[Collected data]
┄┄┄┄┄┄

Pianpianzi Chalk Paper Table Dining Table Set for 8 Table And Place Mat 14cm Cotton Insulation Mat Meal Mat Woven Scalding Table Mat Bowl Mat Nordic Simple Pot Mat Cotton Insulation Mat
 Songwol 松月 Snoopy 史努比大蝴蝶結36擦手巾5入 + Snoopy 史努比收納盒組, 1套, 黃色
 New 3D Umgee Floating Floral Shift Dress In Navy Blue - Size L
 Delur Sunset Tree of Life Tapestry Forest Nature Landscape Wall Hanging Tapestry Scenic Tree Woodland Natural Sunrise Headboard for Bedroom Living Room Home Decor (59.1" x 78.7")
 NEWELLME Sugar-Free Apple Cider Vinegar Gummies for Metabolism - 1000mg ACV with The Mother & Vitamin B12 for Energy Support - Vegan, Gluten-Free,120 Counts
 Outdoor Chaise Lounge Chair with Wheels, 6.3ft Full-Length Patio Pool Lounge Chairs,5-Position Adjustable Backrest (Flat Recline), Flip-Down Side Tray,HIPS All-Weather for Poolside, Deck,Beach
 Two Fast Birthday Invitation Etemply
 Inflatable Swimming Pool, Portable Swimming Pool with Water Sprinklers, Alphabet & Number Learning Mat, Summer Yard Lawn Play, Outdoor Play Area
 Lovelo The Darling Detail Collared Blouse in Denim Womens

┄┄┄┄┄┄

What the task asks =
The entries above must each be repeated exactly.

Answer for this exercise =
Pianpianzi Chalk Paper Table Dining Table Set for 8 Table And Place Mat 14cm Cotton Insulation Mat Meal Mat Woven Scalding Table Mat Bowl Mat Nordic Simple Pot Mat Cotton Insulation Mat
 Songwol 松月 Snoopy 史努比大蝴蝶結36擦手巾5入 + Snoopy 史努比收納盒組, 1套, 黃色
 New 3D Umgee Floating Floral Shift Dress In Navy Blue - Size L
 Delur Sunset Tree of Life Tapestry Forest Nature Landscape Wall Hanging Tapestry Scenic Tree Woodland Natural Sunrise Headboard for Bedroom Living Room Home Decor (59.1" x 78.7")
 NEWELLME Sugar-Free Apple Cider Vinegar Gummies for Metabolism - 1000mg ACV with The Mother & Vitamin B12 for Energy Support - Vegan, Gluten-Free,120 Counts
 Outdoor Chaise Lounge Chair with Wheels, 6.3ft Full-Length Patio Pool Lounge Chairs,5-Position Adjustable Backrest (Flat Recline), Flip-Down Side Tray,HIPS All-Weather for Poolside, Deck,Beach
 Two Fast Birthday Invitation Etemply
 Inflatable Swimming Pool, Portable Swimming Pool with Water Sprinklers, Alphabet & Number Learning Mat, Summer Yard Lawn Play, Outdoor Play Area
 Lovelo The Darling Detail Collared Blouse in Denim Womens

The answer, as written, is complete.